§ Directions for this task
In the records below, find the line containing "7514 PARADISE PLACE, Tampa, FL 33619", then print it and every following line exactly, through the last, without pictures.

┌─ Records for this exercise

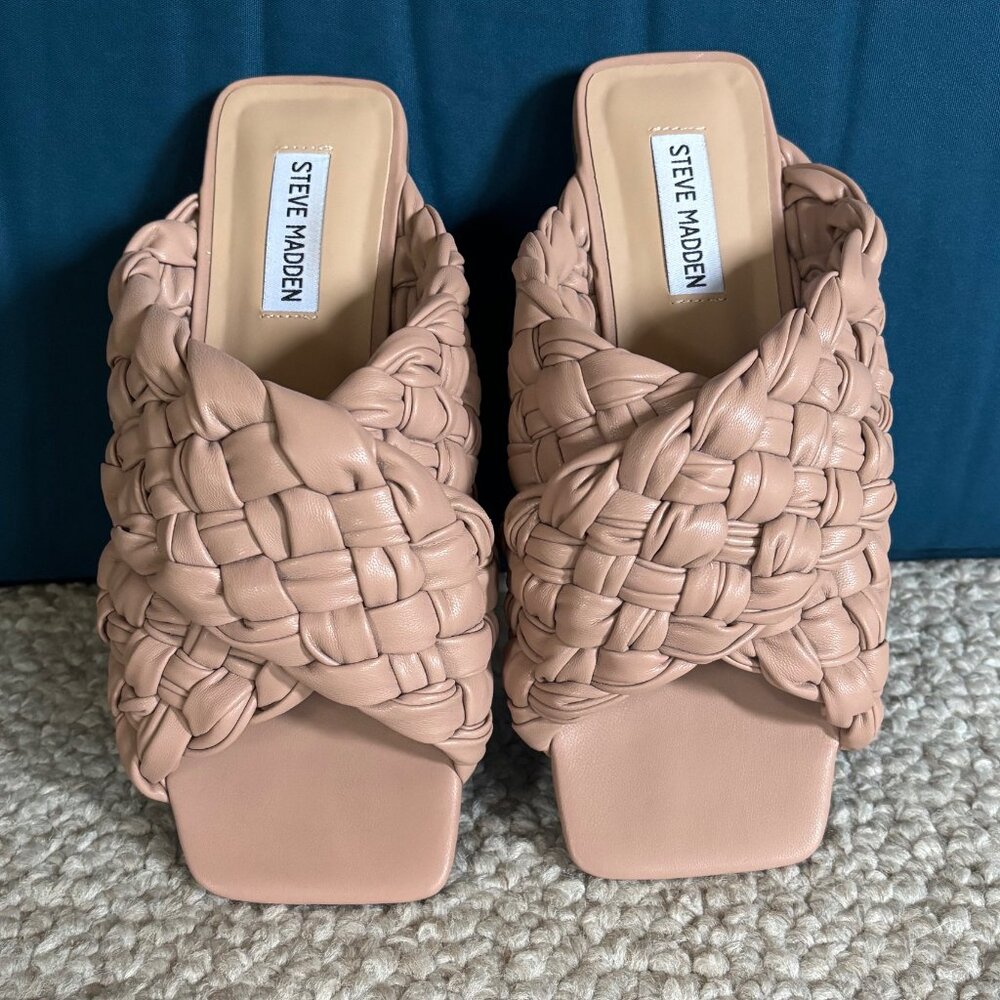 Womens Steve Madden Marina Faux Leather Square Toe Flat Sandal Nude Size: 8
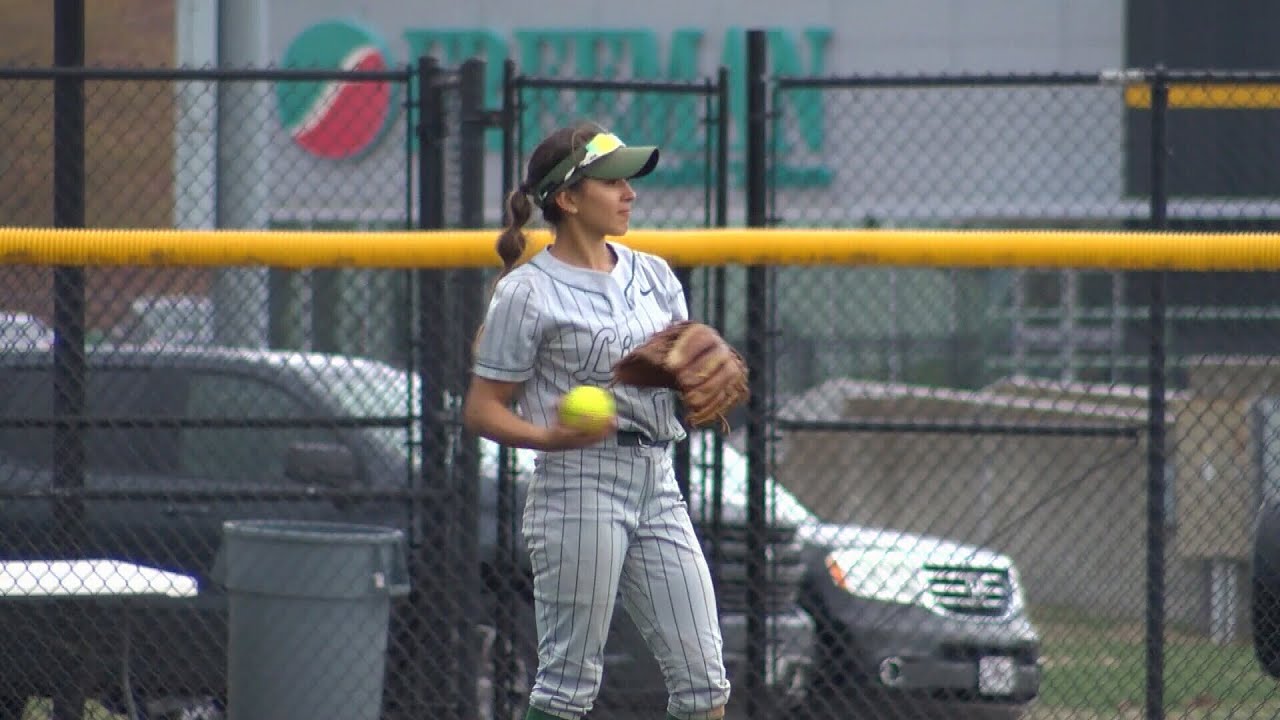 MSSU softball splits doubleheader with Augustana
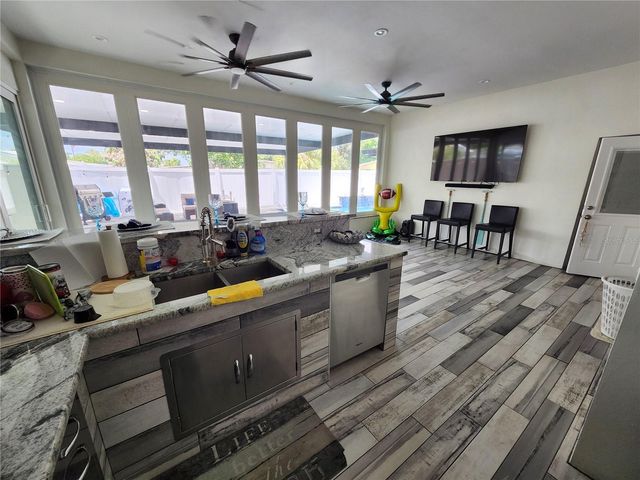 7514 PARADISE PLACE, Tampa, FL 33619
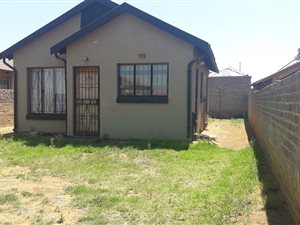2 Bed House in Lakeside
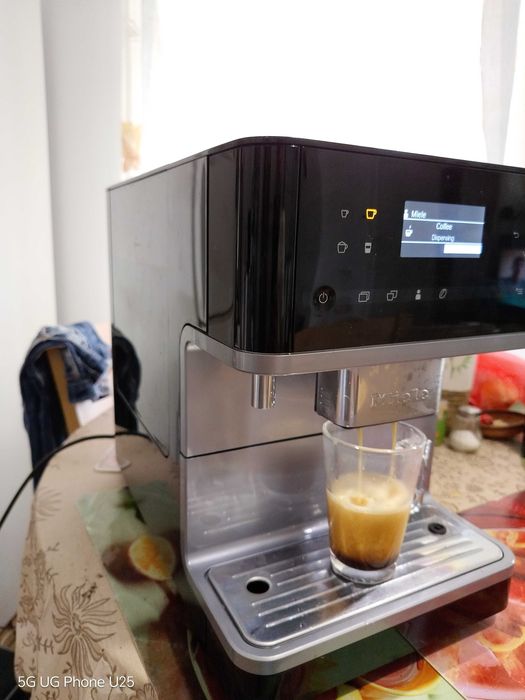 Автоматична кафемашина Miele. Кафе машина Miele.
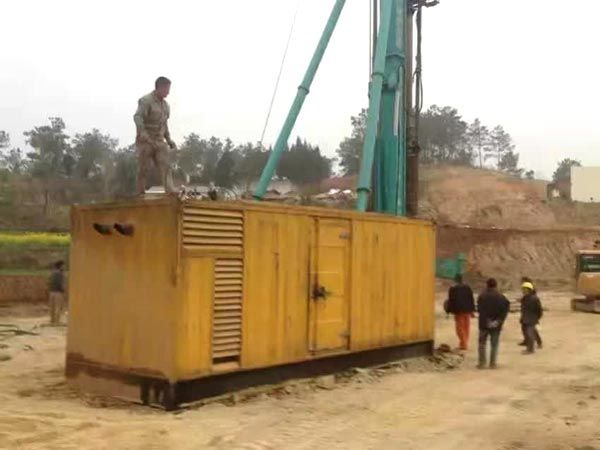 连山如何判断水冷式机油散热器密封件是否需要更换？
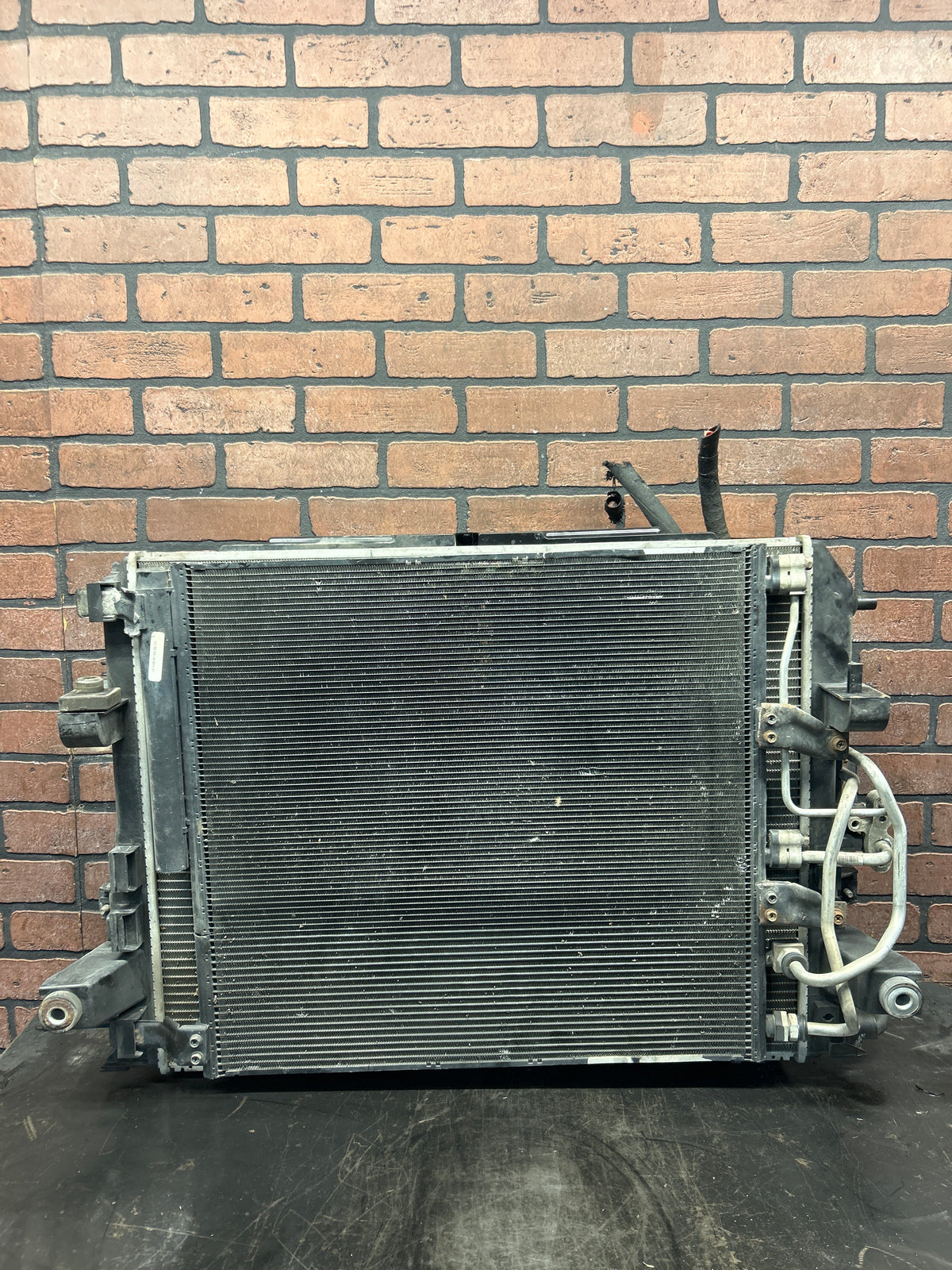 2014-2018 Ram 1500 3.0L EcoDiesel Radiator Cooling Module W/ Fan 68217820AB OEM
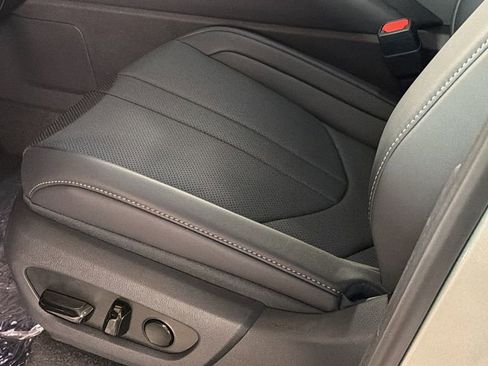 New 2026 Lexus TX 500h AWD image 16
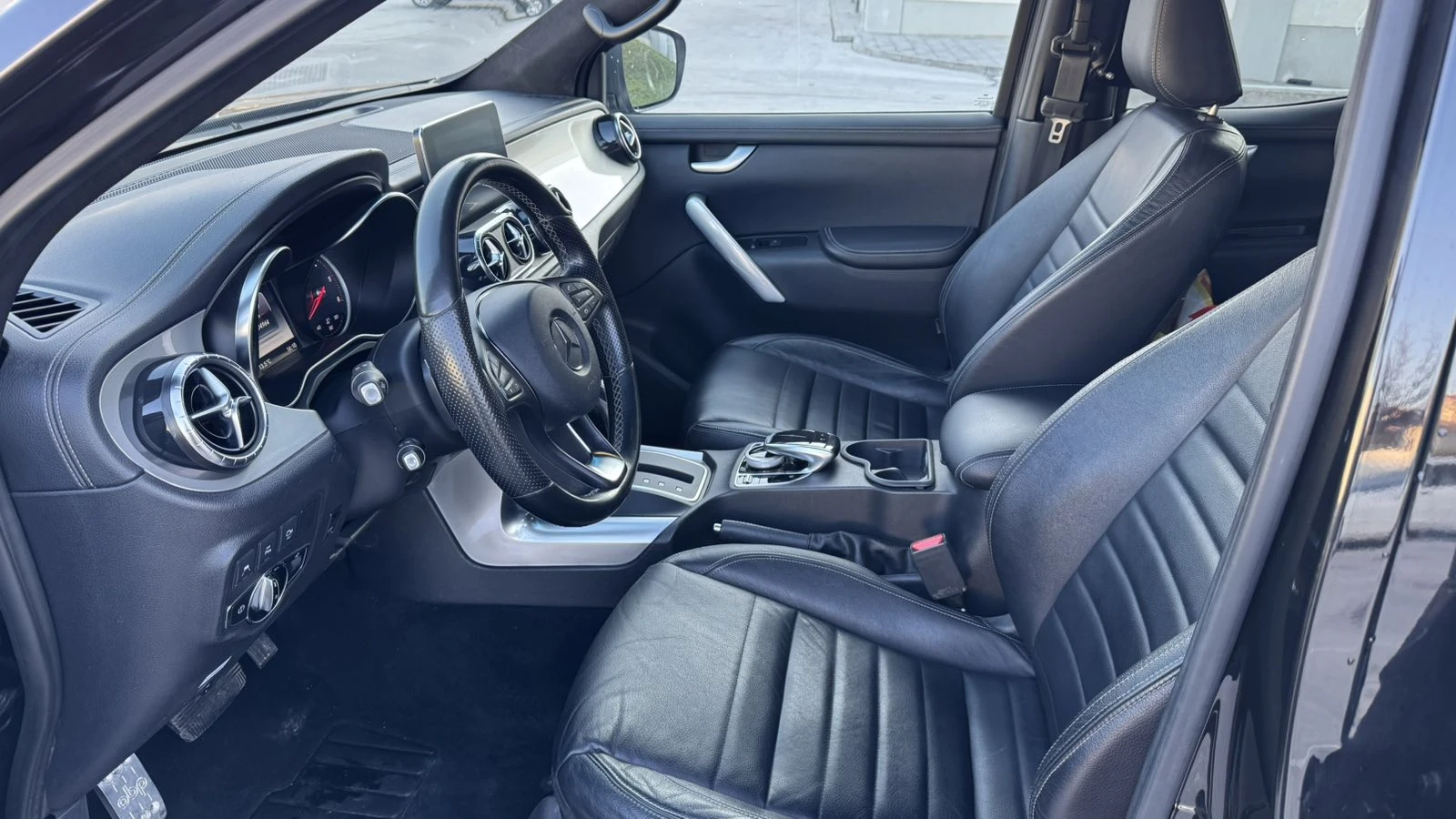 Mercedes-Benz X-Klasse 350, снимка 11 - Автомобили и джипове - 53749046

└─

§ Answer section
 7514 PARADISE PLACE, Tampa, FL 33619
2 Bed House in Lakeside
 Автоматична кафемашина Miele. Кафе машина Miele.
 连山如何判断水冷式机油散热器密封件是否需要更换？
 2014-2018 Ram 1500 3.0L EcoDiesel Radiator Cooling Module W/ Fan 68217820AB OEM
 New 2026 Lexus TX 500h AWD image 16
 Mercedes-Benz X-Klasse 350, снимка 11 - Автомобили и джипове - 53749046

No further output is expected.